Give back, exactly as written, the lines of the listing from the top through the line holding "Thank you for", and nothing more. Exclude pictures.

━━ Records to use ━━

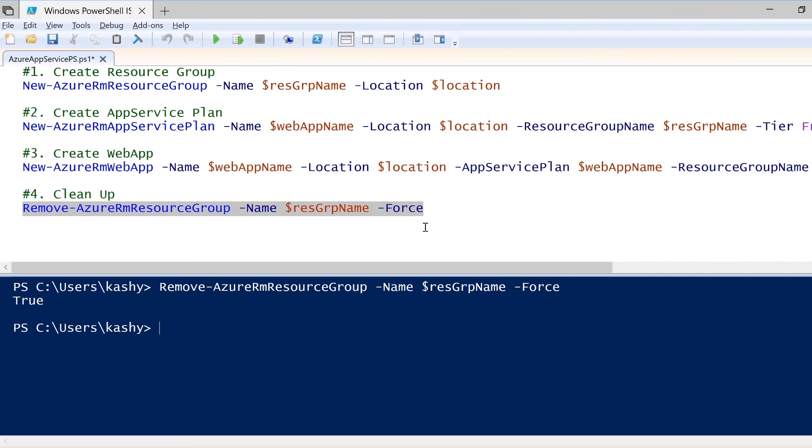As you can see here, the execution has finished, and we see true, meaning the resource group has been deleted.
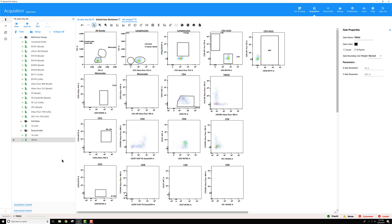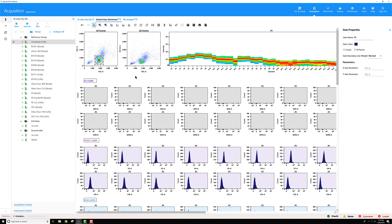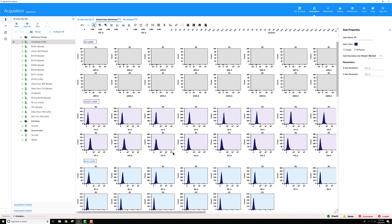If I'm interested in exporting the raw data, I need to be pointed to a raw data worksheet. So let me choose one of my controls, for example, this unstained tube, and then I will go to the default raw worksheet, have this P1 gate on my lymphocytes.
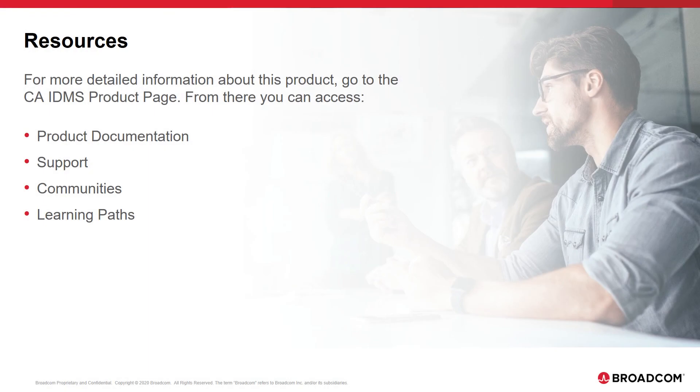Thank you for joining us today. Please visit techdocs.broadcom.com for more information.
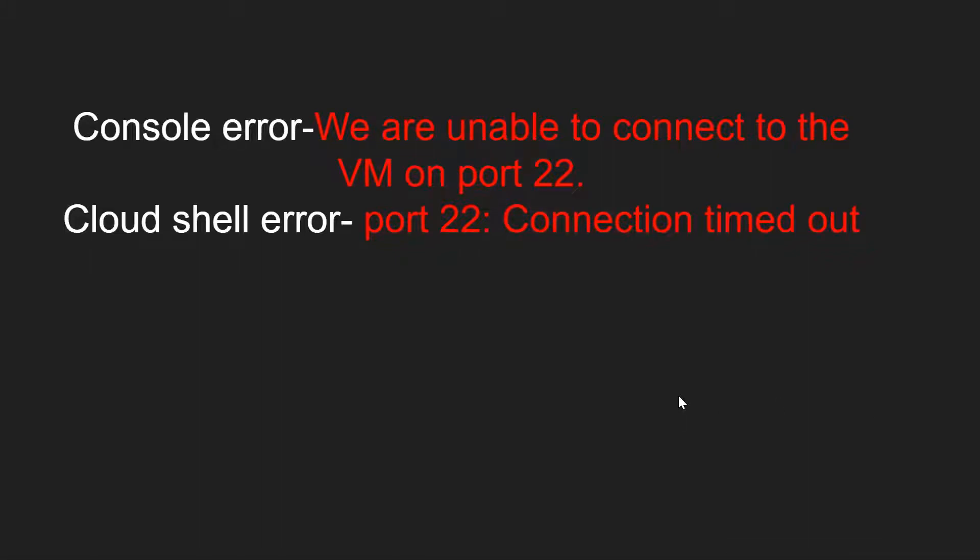Hi all, today we are going to see how we can resolve the connection timeout error or the SSH error on port 22. These are the error messages usually we get on a cloud console or cloud shell while SSH into the GCP VM. These are the most common errors we usually face while logging into the VM.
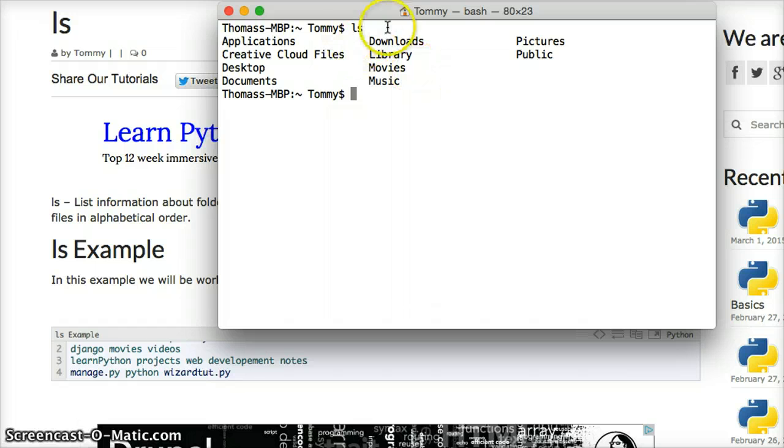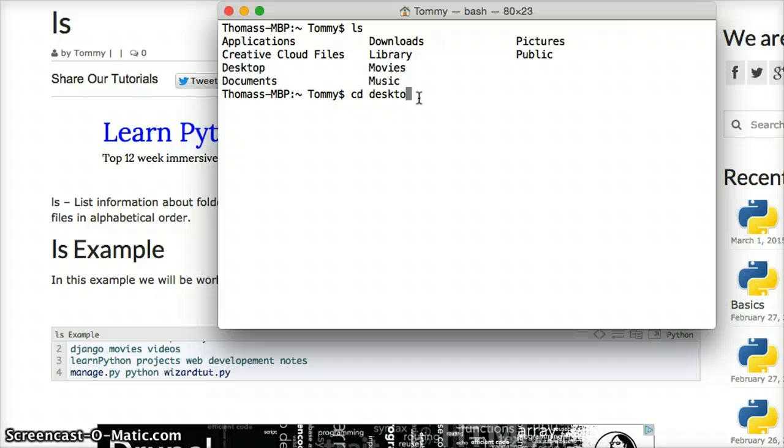So as you see, I typed ls, and it's going to list everything out. I'm going to change into a different one just to show you that it's different.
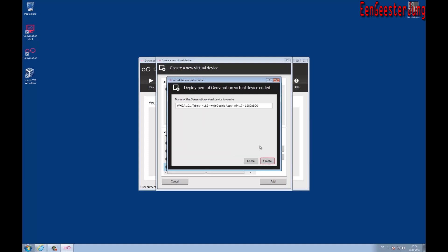At the end you have to enter a name for the virtual machine. I will call it YouTube.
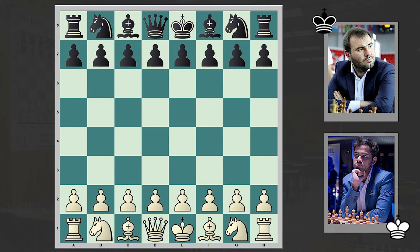Hello chess lovers! Zoran here and in today's video we are going to analyze a game where we will see the very rare Novotny theme. Earlier I've already published a game where we saw that marvelous theme, and here is another example.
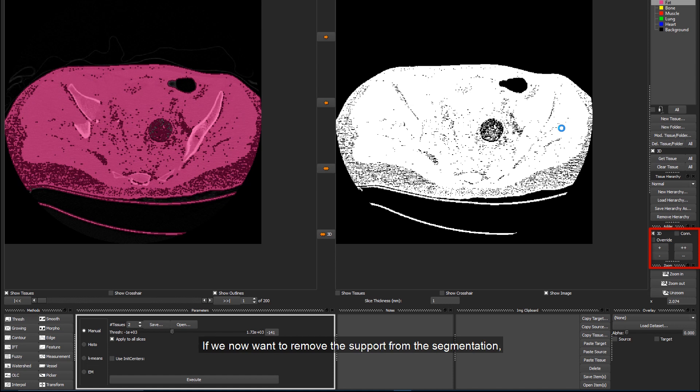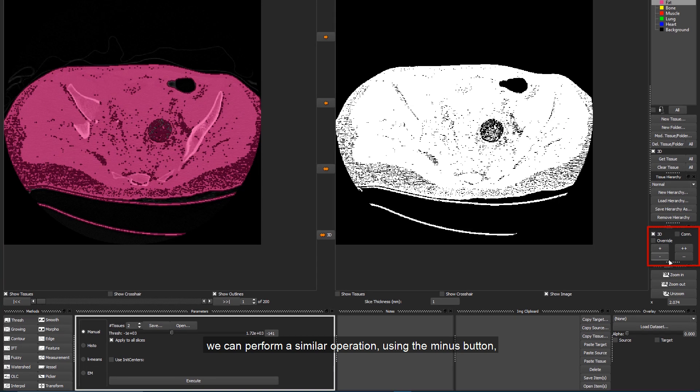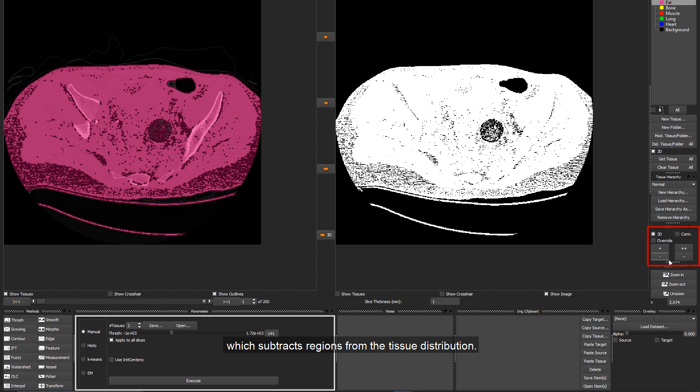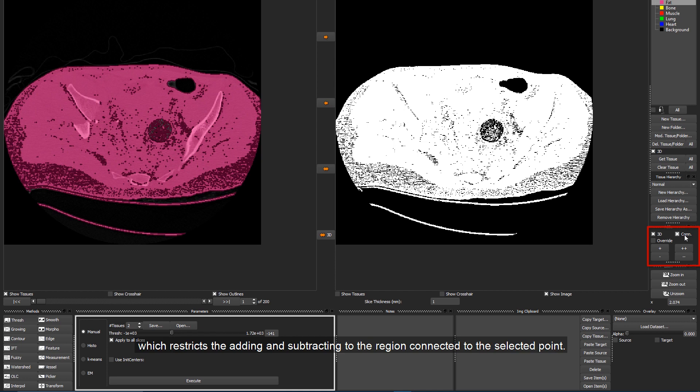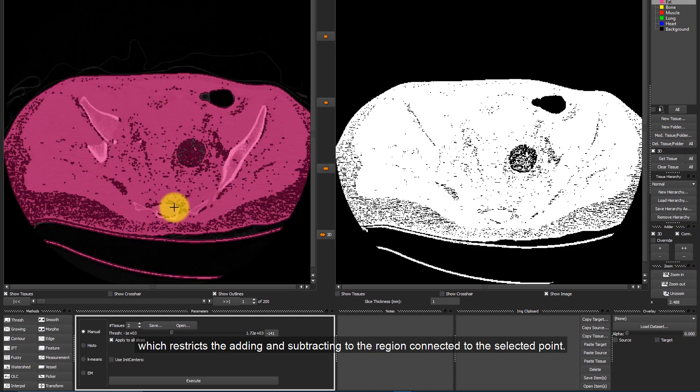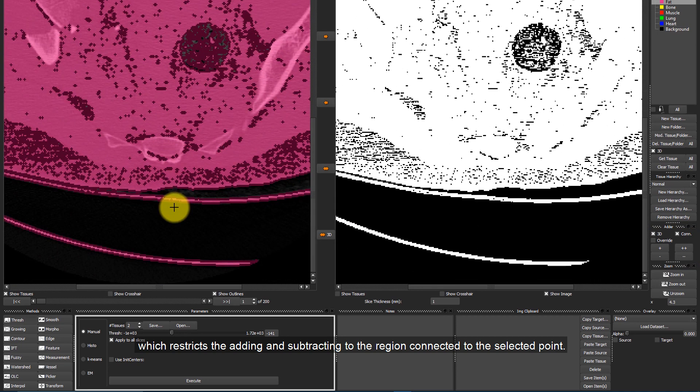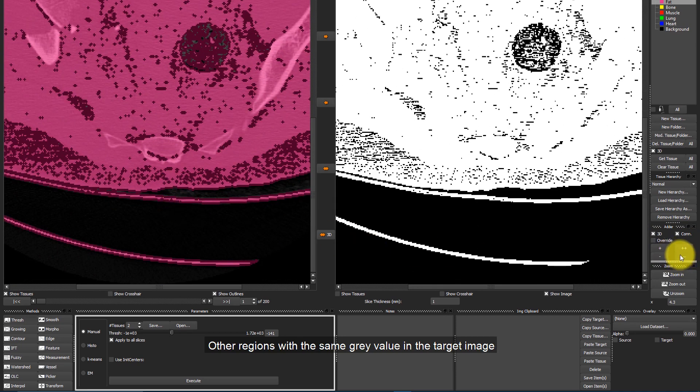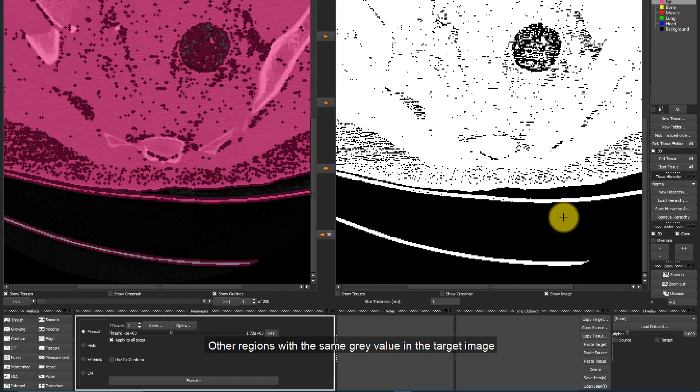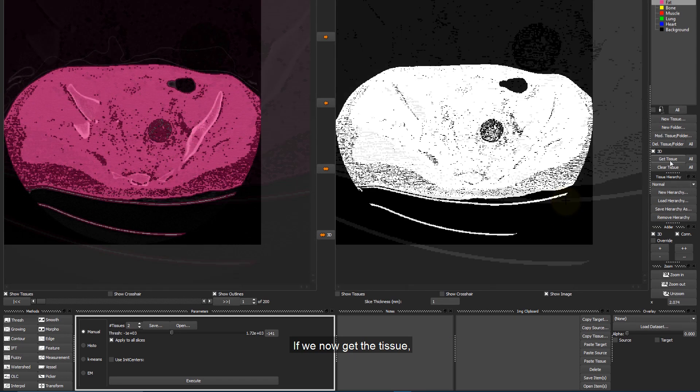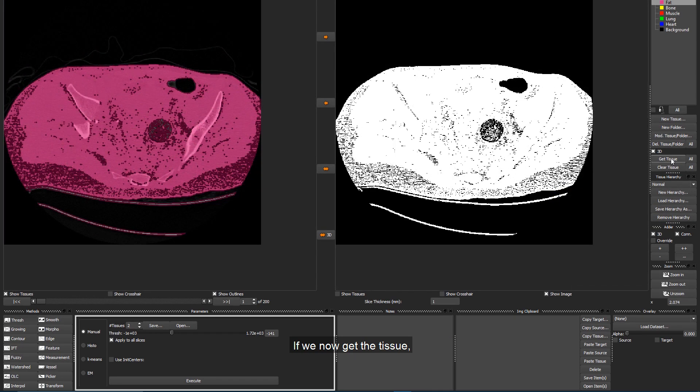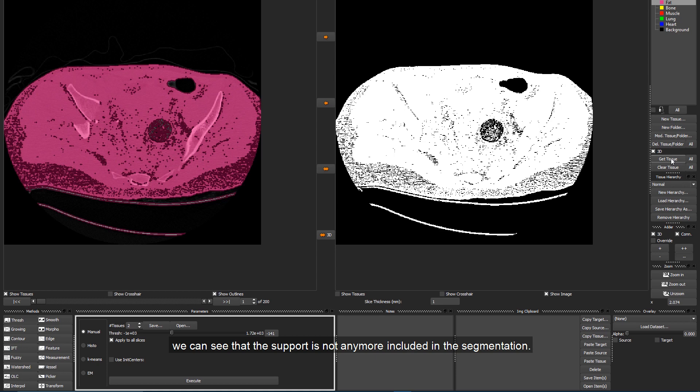If we now want to remove the support from the segmentation, we can perform a similar operation using the minus button, which subtracts regions from the tissue distribution. In this case, we will also enable the Connect option, which restricts the adding and subtracting to the regions connected to the selected point. Other regions with the same grey value in the target image will not be influenced by the operation. If we now get the tissue, we can see that the support is not anymore included in the segmentation.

━━━

• **Expected output**
As you can see here, the execution has finished, and we see true, meaning the resource group has been deleted.
If I'm interested in exporting the raw data, I need to be pointed to a raw data worksheet. So let me choose one of my controls, for example, this unstained tube, and then I will go to the default raw worksheet, have this P1 gate on my lymphocytes.
Thank you for joining us today. Please visit techdocs.broadcom.com for more information.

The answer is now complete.